Besides a full time job with us, Steph Clarke was busy.

She and her husband James started and ran the hugely significant hyperlocal blog WV11. Both volunteered to run their local community centre and she was a driving force on the board of the local charity Hands on Wednesfield.  Steph had just raised more than £5000 for new Christmas lights for her local high street – even though James thought she was pushing her luck on that one.

She seemed to almost effortlessly run a photography business on the side, helped with her local (and large ) photography club, made the Wolverhampton Social Media Surgery happen and supported a range of home school groups. Steph organised voluntary events for Big Lunch Extras, got stuck into making new things happen through Make Shift in Wolverhampton and sorted regular social nights for her and her friends.

In between she never flinched from standing up for injustice (as anyone on the very sharp end of her unflinchingness will tell you) or caring for someone who might not even know that they needed a kindness.

Above all though she was a wholeheartedly committed wife, mother, daughter, grand-daughter and sister.   Loyalty was at her core.

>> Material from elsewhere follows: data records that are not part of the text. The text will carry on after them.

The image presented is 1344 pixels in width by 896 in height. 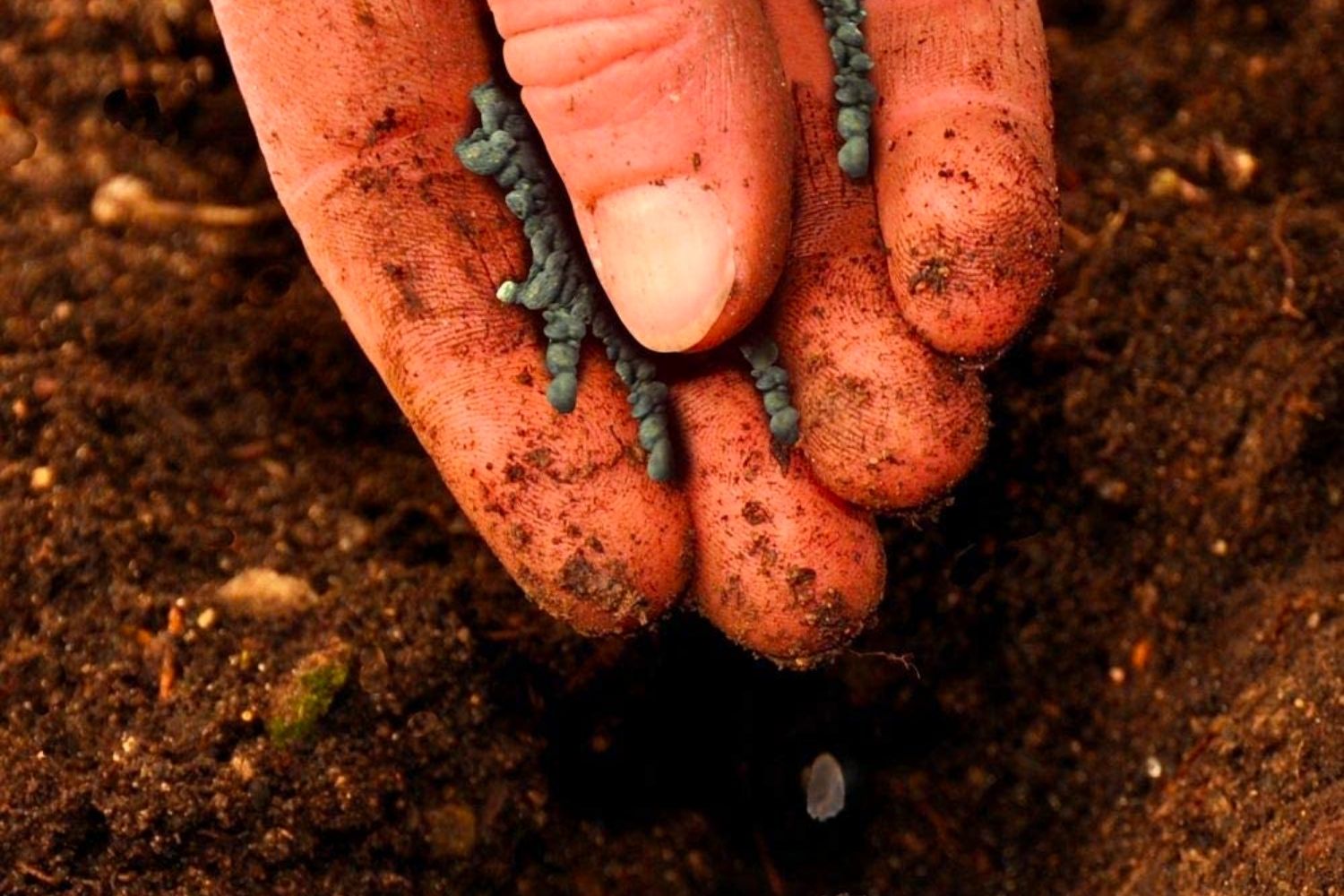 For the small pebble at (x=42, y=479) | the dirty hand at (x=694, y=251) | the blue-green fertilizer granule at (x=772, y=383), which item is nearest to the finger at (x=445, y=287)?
the dirty hand at (x=694, y=251)

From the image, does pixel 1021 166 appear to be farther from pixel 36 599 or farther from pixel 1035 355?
pixel 36 599

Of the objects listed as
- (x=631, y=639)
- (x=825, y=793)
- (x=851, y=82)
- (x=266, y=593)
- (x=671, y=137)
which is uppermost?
(x=671, y=137)

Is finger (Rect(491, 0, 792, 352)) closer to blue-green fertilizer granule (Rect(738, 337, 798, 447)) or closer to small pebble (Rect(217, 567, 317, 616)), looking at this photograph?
blue-green fertilizer granule (Rect(738, 337, 798, 447))

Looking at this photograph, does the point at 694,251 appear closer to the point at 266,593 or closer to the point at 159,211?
the point at 266,593

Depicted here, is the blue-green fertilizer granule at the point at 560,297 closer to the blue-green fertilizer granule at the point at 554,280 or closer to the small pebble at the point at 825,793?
the blue-green fertilizer granule at the point at 554,280

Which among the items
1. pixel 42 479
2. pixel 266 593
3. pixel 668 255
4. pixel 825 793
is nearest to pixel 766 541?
pixel 668 255

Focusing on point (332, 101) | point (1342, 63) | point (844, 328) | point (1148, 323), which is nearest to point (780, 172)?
point (844, 328) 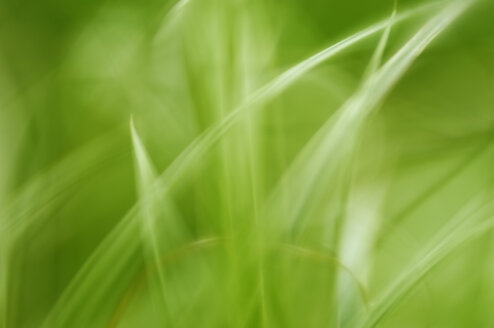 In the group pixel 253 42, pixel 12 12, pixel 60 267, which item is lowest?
pixel 60 267

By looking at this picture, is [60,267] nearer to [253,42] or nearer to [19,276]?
[19,276]

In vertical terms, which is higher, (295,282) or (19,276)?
(19,276)

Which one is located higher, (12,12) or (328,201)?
(12,12)

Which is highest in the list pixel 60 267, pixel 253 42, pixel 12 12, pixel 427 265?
pixel 12 12

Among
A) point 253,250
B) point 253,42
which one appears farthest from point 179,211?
point 253,42

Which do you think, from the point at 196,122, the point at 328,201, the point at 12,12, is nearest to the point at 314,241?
the point at 328,201

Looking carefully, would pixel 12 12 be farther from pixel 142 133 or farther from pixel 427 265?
pixel 427 265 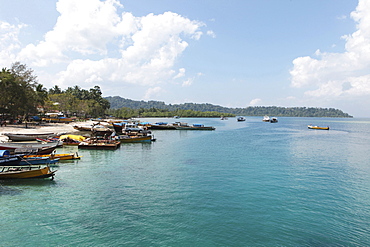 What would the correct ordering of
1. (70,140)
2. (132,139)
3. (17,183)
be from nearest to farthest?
1. (17,183)
2. (70,140)
3. (132,139)

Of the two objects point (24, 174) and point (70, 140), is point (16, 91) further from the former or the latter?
point (24, 174)

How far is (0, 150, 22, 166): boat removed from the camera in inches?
950

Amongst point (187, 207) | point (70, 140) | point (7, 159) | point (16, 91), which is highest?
point (16, 91)

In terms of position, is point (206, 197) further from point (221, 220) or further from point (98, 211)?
point (98, 211)

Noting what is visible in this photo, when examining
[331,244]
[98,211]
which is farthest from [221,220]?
[98,211]

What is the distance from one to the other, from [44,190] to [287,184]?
22116 millimetres

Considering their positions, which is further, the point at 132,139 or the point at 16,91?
the point at 16,91

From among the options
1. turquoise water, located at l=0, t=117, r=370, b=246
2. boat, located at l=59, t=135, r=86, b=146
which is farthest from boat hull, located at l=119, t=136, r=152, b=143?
turquoise water, located at l=0, t=117, r=370, b=246

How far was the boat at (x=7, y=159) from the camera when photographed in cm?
2414

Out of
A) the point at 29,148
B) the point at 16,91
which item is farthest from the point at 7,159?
the point at 16,91

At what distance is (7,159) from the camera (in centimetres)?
2438

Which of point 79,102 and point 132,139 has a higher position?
point 79,102

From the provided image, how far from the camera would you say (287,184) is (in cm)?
2386

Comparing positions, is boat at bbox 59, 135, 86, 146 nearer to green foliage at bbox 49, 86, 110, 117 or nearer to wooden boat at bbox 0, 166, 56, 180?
wooden boat at bbox 0, 166, 56, 180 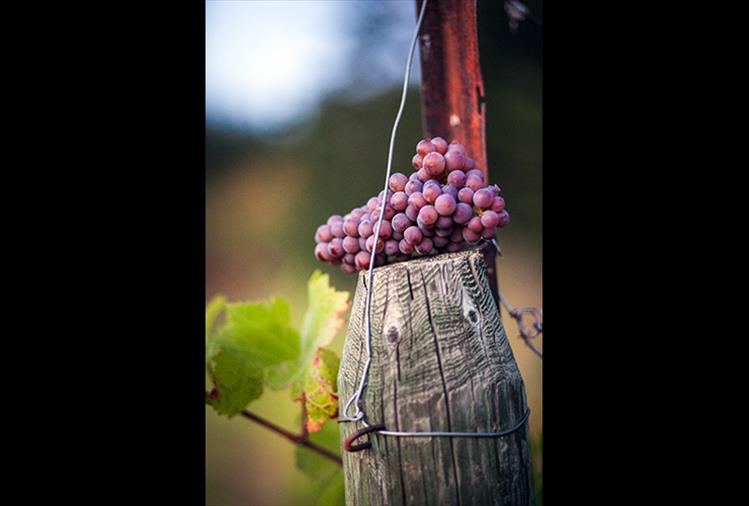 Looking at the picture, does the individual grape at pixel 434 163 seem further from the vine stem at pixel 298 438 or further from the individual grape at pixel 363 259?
the vine stem at pixel 298 438

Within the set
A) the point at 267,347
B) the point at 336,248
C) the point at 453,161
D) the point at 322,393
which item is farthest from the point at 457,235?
the point at 267,347

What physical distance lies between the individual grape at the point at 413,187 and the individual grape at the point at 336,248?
18 centimetres

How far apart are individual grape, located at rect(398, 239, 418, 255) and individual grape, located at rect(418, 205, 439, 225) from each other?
0.06m

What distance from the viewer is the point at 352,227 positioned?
1040 mm

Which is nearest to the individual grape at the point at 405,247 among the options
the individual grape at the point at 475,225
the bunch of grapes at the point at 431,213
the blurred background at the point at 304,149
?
the bunch of grapes at the point at 431,213

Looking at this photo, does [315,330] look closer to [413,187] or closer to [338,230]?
[338,230]

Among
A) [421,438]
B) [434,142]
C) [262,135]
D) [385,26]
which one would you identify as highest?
[385,26]

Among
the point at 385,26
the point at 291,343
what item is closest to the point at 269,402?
the point at 291,343

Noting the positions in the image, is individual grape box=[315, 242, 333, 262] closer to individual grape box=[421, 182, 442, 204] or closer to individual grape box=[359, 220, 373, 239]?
individual grape box=[359, 220, 373, 239]

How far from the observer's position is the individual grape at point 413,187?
973 mm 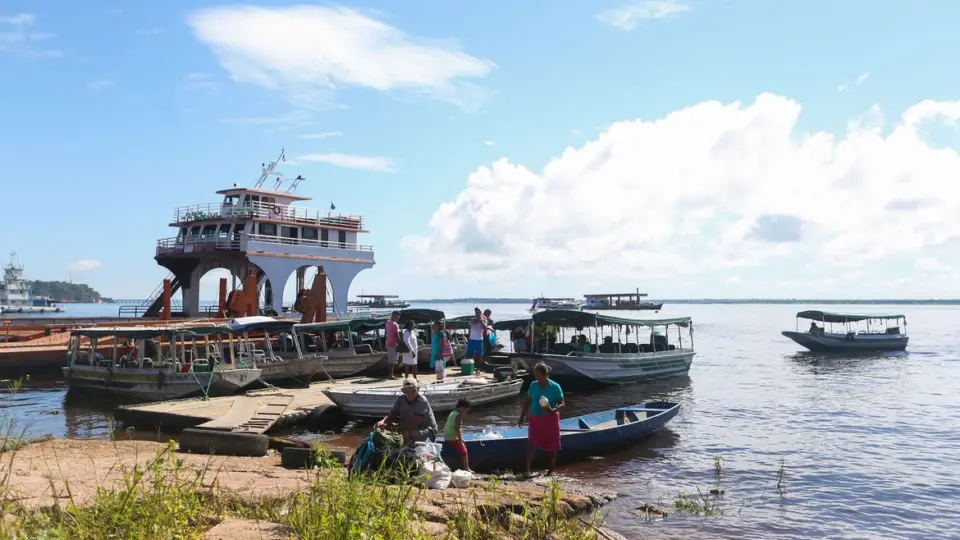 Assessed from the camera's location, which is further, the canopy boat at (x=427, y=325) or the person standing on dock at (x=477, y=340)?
the canopy boat at (x=427, y=325)

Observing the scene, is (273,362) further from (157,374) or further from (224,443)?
(224,443)

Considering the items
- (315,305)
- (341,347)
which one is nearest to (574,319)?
(341,347)

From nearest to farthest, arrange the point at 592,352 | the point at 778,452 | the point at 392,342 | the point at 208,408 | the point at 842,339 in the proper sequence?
the point at 778,452
the point at 208,408
the point at 392,342
the point at 592,352
the point at 842,339

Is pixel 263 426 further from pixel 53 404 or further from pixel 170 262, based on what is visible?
pixel 170 262

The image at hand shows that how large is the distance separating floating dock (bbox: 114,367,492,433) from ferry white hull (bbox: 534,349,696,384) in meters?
7.17

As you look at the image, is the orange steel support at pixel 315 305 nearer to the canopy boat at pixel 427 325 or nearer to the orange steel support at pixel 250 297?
the orange steel support at pixel 250 297

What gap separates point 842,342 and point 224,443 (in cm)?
4198

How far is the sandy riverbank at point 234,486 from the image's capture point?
22.5 feet

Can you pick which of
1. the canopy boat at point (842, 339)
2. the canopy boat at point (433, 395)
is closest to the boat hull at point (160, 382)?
the canopy boat at point (433, 395)

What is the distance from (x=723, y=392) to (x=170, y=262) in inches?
1119

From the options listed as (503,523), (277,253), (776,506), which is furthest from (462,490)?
(277,253)

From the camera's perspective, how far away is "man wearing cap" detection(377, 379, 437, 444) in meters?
9.90

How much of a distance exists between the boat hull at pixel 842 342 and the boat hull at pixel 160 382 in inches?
1409

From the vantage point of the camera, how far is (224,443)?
12.5m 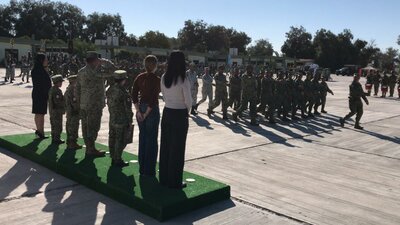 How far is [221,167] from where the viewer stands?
712 centimetres

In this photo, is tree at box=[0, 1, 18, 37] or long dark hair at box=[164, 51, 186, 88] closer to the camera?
long dark hair at box=[164, 51, 186, 88]

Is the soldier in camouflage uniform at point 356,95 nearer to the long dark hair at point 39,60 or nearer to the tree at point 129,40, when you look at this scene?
the long dark hair at point 39,60

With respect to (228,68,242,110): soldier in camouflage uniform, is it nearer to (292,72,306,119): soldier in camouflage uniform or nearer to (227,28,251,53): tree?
(292,72,306,119): soldier in camouflage uniform

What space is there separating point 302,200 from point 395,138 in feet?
22.2

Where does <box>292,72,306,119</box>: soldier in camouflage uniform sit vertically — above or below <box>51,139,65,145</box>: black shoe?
above

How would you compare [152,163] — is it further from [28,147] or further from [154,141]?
[28,147]

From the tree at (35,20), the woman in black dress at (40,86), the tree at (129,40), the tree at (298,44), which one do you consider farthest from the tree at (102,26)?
the woman in black dress at (40,86)

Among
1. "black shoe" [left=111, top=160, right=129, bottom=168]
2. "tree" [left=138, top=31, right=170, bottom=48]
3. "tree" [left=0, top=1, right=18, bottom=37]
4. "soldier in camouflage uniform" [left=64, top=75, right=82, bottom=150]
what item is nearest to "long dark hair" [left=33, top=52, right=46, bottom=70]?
"soldier in camouflage uniform" [left=64, top=75, right=82, bottom=150]

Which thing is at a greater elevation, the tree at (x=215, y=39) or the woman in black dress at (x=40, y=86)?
the tree at (x=215, y=39)

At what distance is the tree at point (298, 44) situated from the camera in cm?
9250

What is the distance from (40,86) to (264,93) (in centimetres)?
698

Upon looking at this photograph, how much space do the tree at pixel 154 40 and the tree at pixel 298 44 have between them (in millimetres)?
29111

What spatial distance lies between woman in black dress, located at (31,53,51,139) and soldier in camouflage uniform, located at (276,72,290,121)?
7.35m

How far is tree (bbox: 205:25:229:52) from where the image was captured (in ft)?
332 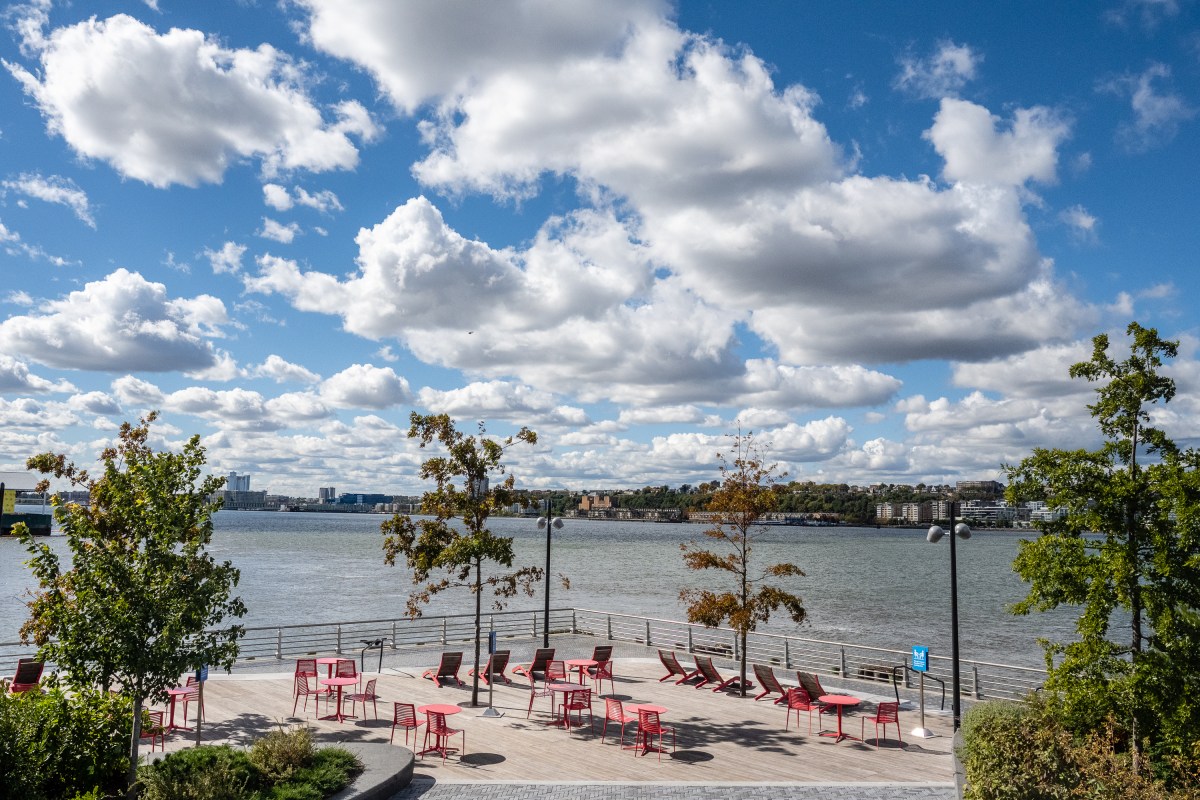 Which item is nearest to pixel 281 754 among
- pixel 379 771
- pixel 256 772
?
pixel 256 772

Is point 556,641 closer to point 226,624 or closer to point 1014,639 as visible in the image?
point 226,624

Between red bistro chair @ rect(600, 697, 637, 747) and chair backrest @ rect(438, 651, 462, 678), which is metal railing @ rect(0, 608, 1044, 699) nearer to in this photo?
chair backrest @ rect(438, 651, 462, 678)

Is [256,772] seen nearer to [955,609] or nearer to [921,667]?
[921,667]

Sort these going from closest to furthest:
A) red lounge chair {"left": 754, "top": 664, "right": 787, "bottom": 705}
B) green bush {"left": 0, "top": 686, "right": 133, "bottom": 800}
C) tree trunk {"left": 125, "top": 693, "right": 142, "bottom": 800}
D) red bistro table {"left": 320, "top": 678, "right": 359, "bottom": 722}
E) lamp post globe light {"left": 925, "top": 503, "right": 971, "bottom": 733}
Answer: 1. green bush {"left": 0, "top": 686, "right": 133, "bottom": 800}
2. tree trunk {"left": 125, "top": 693, "right": 142, "bottom": 800}
3. red bistro table {"left": 320, "top": 678, "right": 359, "bottom": 722}
4. lamp post globe light {"left": 925, "top": 503, "right": 971, "bottom": 733}
5. red lounge chair {"left": 754, "top": 664, "right": 787, "bottom": 705}

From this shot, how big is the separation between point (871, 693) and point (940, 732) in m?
3.80

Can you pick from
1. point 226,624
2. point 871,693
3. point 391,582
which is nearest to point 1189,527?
point 871,693

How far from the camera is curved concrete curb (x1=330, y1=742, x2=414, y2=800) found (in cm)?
1207

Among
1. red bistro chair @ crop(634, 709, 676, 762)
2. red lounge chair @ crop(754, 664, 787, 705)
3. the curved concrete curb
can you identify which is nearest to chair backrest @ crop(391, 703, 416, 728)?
the curved concrete curb

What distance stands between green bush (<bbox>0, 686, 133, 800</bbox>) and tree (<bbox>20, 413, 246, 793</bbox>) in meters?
0.26

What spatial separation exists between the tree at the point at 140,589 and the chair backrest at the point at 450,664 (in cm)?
948

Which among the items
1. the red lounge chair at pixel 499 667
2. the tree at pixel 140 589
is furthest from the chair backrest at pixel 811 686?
the tree at pixel 140 589

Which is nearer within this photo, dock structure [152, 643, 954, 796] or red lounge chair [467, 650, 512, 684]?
dock structure [152, 643, 954, 796]

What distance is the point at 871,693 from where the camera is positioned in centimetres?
2116

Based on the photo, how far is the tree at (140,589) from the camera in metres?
10.4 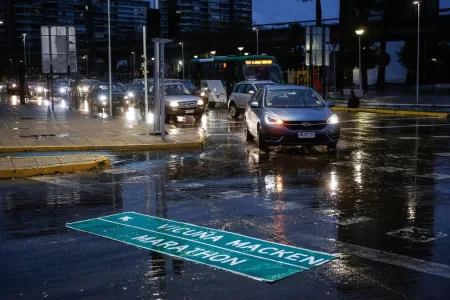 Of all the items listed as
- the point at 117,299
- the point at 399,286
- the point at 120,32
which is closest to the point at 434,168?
the point at 399,286

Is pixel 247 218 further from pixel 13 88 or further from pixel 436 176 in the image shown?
pixel 13 88

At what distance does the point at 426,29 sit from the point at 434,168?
66196 mm

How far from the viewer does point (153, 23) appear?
1722 cm

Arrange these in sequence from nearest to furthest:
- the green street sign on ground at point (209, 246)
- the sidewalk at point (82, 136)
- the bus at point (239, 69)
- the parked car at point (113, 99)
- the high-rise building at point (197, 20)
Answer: the green street sign on ground at point (209, 246)
the sidewalk at point (82, 136)
the high-rise building at point (197, 20)
the parked car at point (113, 99)
the bus at point (239, 69)

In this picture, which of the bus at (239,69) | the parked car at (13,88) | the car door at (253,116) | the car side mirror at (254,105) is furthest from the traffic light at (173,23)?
the parked car at (13,88)

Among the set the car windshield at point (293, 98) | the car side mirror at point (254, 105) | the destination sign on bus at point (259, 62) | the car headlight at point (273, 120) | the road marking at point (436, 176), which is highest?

So did Steph come to work for a rest?

The truth is that she was too restless to be all that good at resting.  Her commitment to what we do at Podnosh was total.  Throughout the 5 years she worked here Steph was happiest when we were stupidly busy.  She loved learning new things, solving problems, seeing work through – sometimes with very gritted teeth.  She could not fail to connect her different worlds of work and volunteering and home to make them all work better. She helped and connected people almost casually and her stock pot of social capital was rich and full of flavour.

Our company values are: Think, Make Things Better and Give a ****.  She relished telling people that, especially the sweary bit. She blogged to her friends:

“What do I do? I think, I make a difference, I give a f**k! – and I’m really proud of that!”

She embodied these values and at times scolded me (respectfully, he’s “the boss’) if I wasn’t doing the same.  (She could smell hypocrisy at a 1000 yards and might need talking down from shouting it out every time she sniffed it).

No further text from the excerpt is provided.